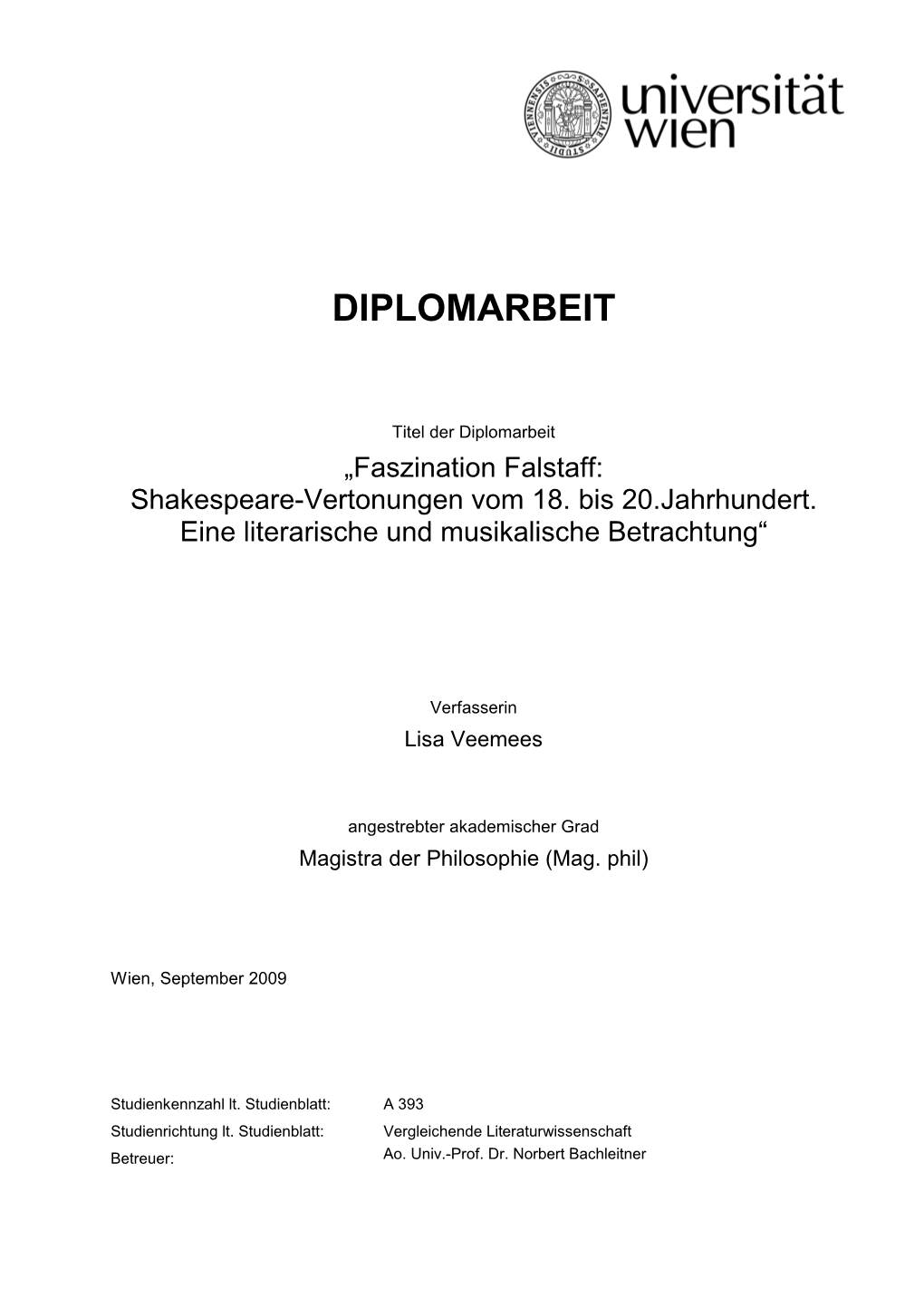 Diplomarbeit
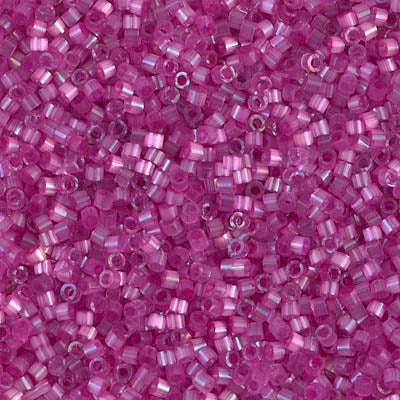 DB1808- 11/0 Dyed Fuchsia Silk Satin Miyuki Delica Beads (50 Gm, 250 Gm)
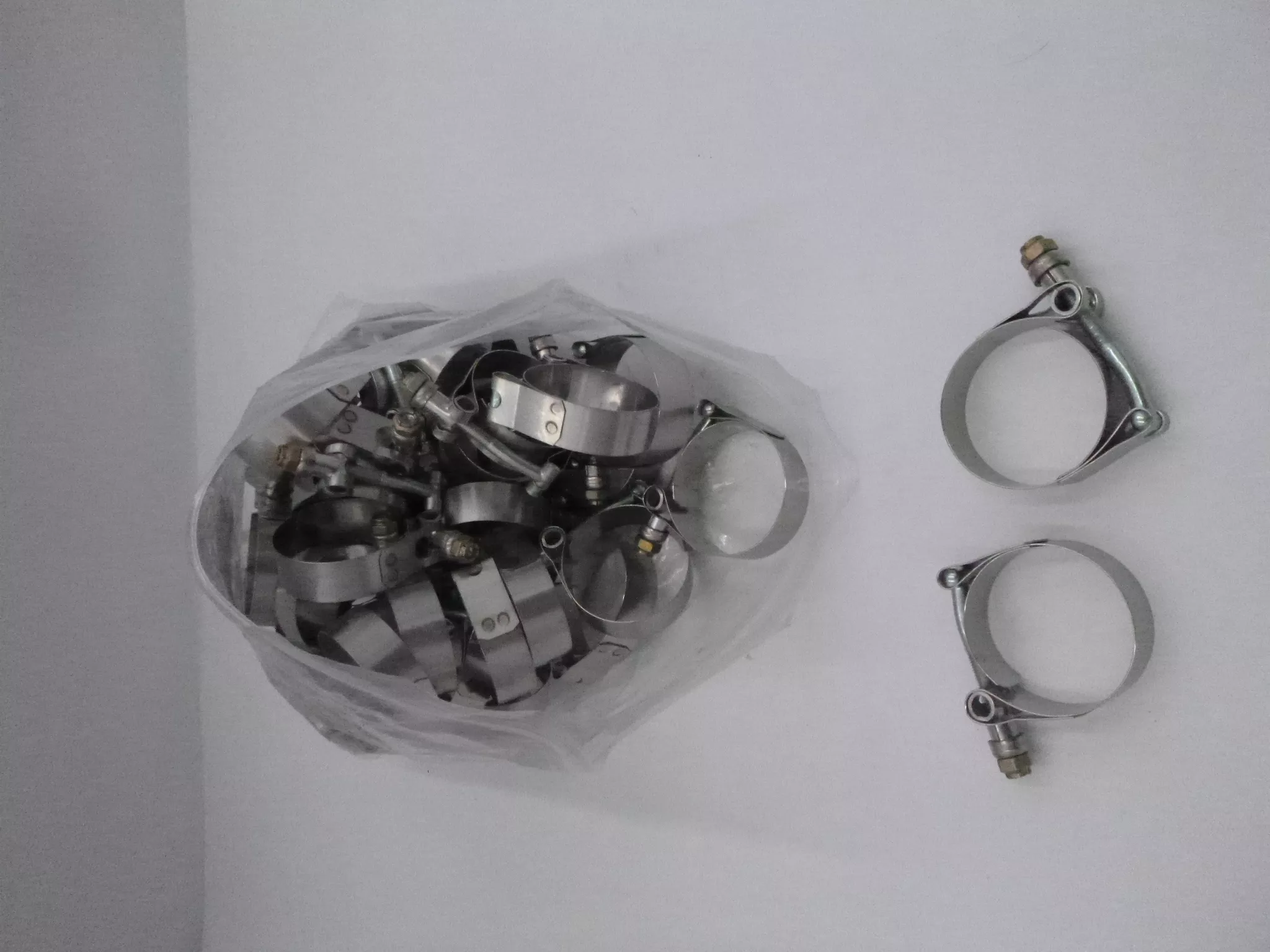 50 Pack Clampco T-Bolt Band Clamp 2.5″ 3/4″ Width 94 101-0200 28522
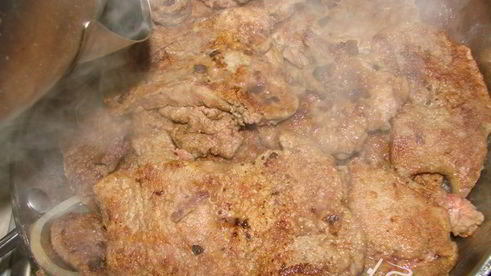 отбивные из печени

——————

* [Task]:
Copy out the whole listing exactly. Skip its pictures.

* [Response area]:
 Diplomarbeit
 DB1808- 11/0 Dyed Fuchsia Silk Satin Miyuki Delica Beads (50 Gm, 250 Gm)
 50 Pack Clampco T-Bolt Band Clamp 2.5″ 3/4″ Width 94 101-0200 28522
 отбивные из печени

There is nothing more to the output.